Novel ini
menceritakan tentang sebuah petualangan seorang bocah antara hidup dan mati
untuk menggugat keadilan batara. Mereka adalah Wisanggeni berserta sabahat
setianya Manuhara, Birawa, Mayangkara, Janaka, Semar, Gareng, Petruk, Bagong.
Cerita ini
menceritakan tentang kehidupan bayi laki-laki yang dibunuh karena perintah raja
Suralaya. Akan tetapi ia berhasil bertahan hidup untuk menegakkan keadilan
batara, karena kegelapan saat itu menguasai kahyangan suralaya.
Novel ini
juga mengisahkan tentang semangat juang dari bocah yang lahir karena kesalahan
batara tetapi ia berhasil menaklukkan seluruh mayapada, dengan kekuatan dan
kehebatan semenjak ia di buang di Kawah Candradimuka.
Aku lahir
di Deksinageni kahyangan Batara Brama, Dewa penguasa api suralaya. Aku lahir
dari satria Pandawa Janaka dan Dewi Dresnala. Kelahiranku membuat kahyangan
Suralaya terjadi perdebatan dalam politik keluarga. Dewasrani menginginkan
ibuku, ia berusaha membunuhku dan ayahnya.
Kesulitan
dan kegelapan terus mempengaruhi kahyangan Suralaya. Aku dibuang Batara Yama
dan Indra di Kawah Candradimuka. Kawah Candradimuka tidak membunuh diriku, ia
membuatku tumbuh dewasa. Batara Narada menyelamatkanku. Aku diletakkan di hutan
Kurusetra. Awal petualanganku dimulai saat aku menginjakkan kaki di Marcapada.
Hutan
Kurusetra adalah hutan luas 1/8 luas dunia, hutan penuh hal – hal aneh dan
menakutkan. Saat aku di hutan Kurusetra aku menemukan sahabat setiaku Mendha.

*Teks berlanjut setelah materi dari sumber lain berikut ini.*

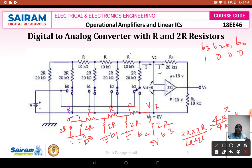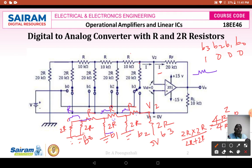This R is in series with the next R, giving a total of 2R. This 2R in parallel with the next 2R gives equivalent resistance R. Then this R in series with the next R gives 2R. This 2R in parallel with the next 2R again gives R. Finally, this R in series with the next R gives 2R. So the simplified circuit has a 2R resistance connected to ground and a 2R resistance whose other end is at 5 volts, with V2 as the node voltage.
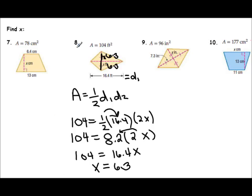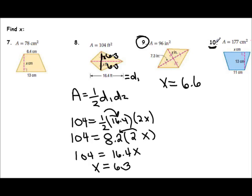Now that you've seen an example of each, pause the video and try number 9. For number 9, we should have gotten x = 6.6. If you did not get that, raise your hand or ask a neighbor. Last one, number 10: this is a trapezoid, so make sure you know your trapezoid formula. Pause the video and see if you get what I get for the value of x, one of our bases. After rounding to the nearest tenth, I got x = 16.2.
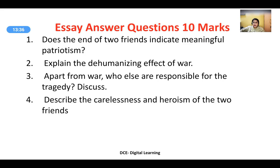When writing the essay, start with two or three lines of introduction — the first sentence should be 'The short story Two Friends is written by Guy de Maupassant.' In the conclusion, convert the question itself into your closing statement: 'Yes, the end of Two Friends indicates a meaningful patriotism.' The second essay topic: explain the dehumanizing effect of war. This is a very good choice for a ten-mark question — you can write not only from the context of the story but also on a general scale about how war has destroyed human civilizations everywhere.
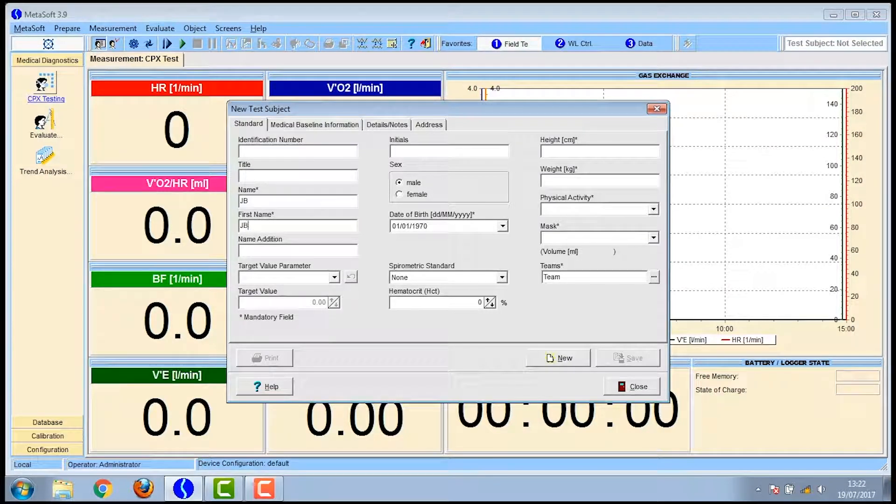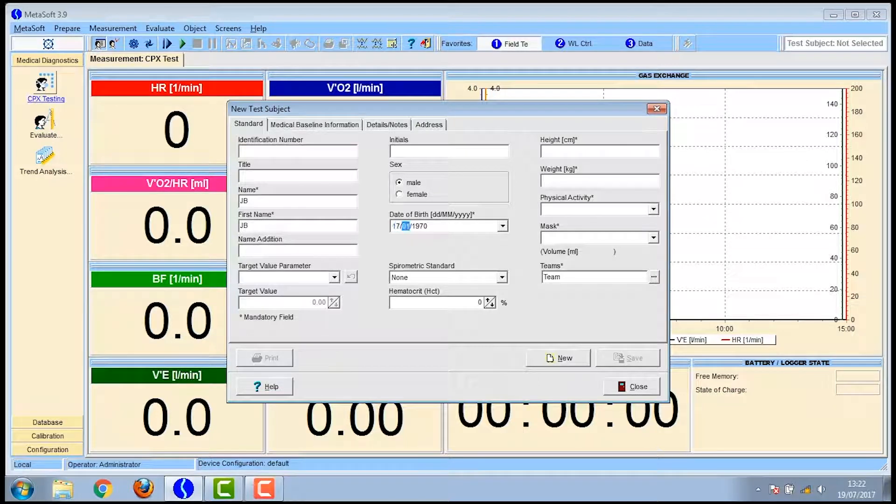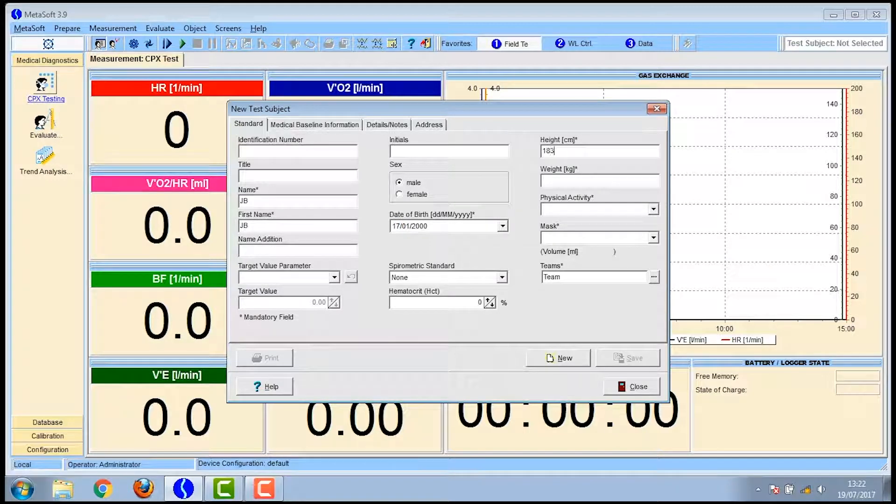You need to enter details into boxes with an asterisk. So we never use their real name and we often use initials or participant number. You'll need to input their date of birth as well as the height and weight. As you'll see these are the boxes with the asterisks.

Ia menemani petualanganku. Kisah penuh hidup dan mati. Ancaman hutan kuru
bermula saat Gajah situbanda ingin membunuhku.
Politik
suralaya dibawah ke marcapada. Hutan Kurusetra tak bersahabat denganku. Gajah
Situbanda memburu diriku. Ia menerjang diriku hingga aku akan terusir dari
Kurusetra. Aku bersama Mendha berhasil selamat dari ancaman Situbanda.
Aku
terdampar di lembah Tua, seorang pertapa bernama Eyang Guru Mulia menerimaku
sebagai muridnya. Aku diberi keris Kalabendu dan ajian pengawak braja. Keris
yang dapat ditunjamkan jika mantra dirapalnya. Ajian yang dapat merubah diriku
menjadi jilatan api membara sepanas matahari.
Kepergian
Eyang Mulia membuat sedih dan duka. Datang kegelapan di Lembah Tua, Raja Parang
Gupita, raja raksasa buta berperilaku angkara murka. Ia berhasil memnunjamkan
pusaka ke tubuh kecil hingga aku terlulai lemah tak berdaya. Mendha sedih dan
duka mendengar Wisanggeni mendapat luka di tubuhnya. Mendha merawatku hingga
aku sembuh total dari semua luka.
Aku bertapa
di batu untuk menguatkan ilmu dan pusaka. Keberhasilan Wisanggeni membuatnya
untuk melakukan perjalanan dalam menaklukan hewan buas Kurusetra. Aku bersama
Mendha mencari Gajah Situbanda. Perjalanan ini akan memberikan aku kekuatan dan
kehebatan sebelum menyelematkan ibuku.
Di lembah
Tua akan berjalan menuju tempat aku bertemu Gajah Situbanda. Keanehan hutan
kurusetra makin terasa. Cekaman dan kegelapan menyelimutinya. Aku bertemu kera bijak Kurusetra dari pertapa
Kendalisada Mayangkara/ Senggana. Aku bertemu dengan Situbandan salah satu
pimpinan bernama Manuhara. Dengan ajian pengawak braja aku berhasil
menaklukkannya.
Perjalanan
selanjutnya menaklukkan raja hutan Kurusetra. Macan Birawa takluk dalam ajian
pengawak braja. Tapi dalam perjalanan kami pernah di tipu kancil hingga membuat
aku terluka. Birawa dan Manuhara menjadi sahabat setiaku.
Dalam
gerbang di lembah Emas aku bertemu orang yang belum pernah aku lihat. Mulut
lebar membuat orang ketawa. Ia mengaku bernama Bagong. Ia penunjuk jalan
mencari ayahku yang suka bertapa. Di lembah hijau, kami menemukan masalah yang
menghimpit dalam pencariannya. Pasukan kuda Dewasrani mondar- mandir di sekitar
Lembah hijau. Aku terkukai tak berdaya dalam perjalananku mencari ayahku. Luka
dalam yang aku rasakan saat pedang pasukan raksasa buta suruh dewasrani
menunjam ke tubuhku. Aku bertemu ayahku saat luka dalam terasa menyakitkan.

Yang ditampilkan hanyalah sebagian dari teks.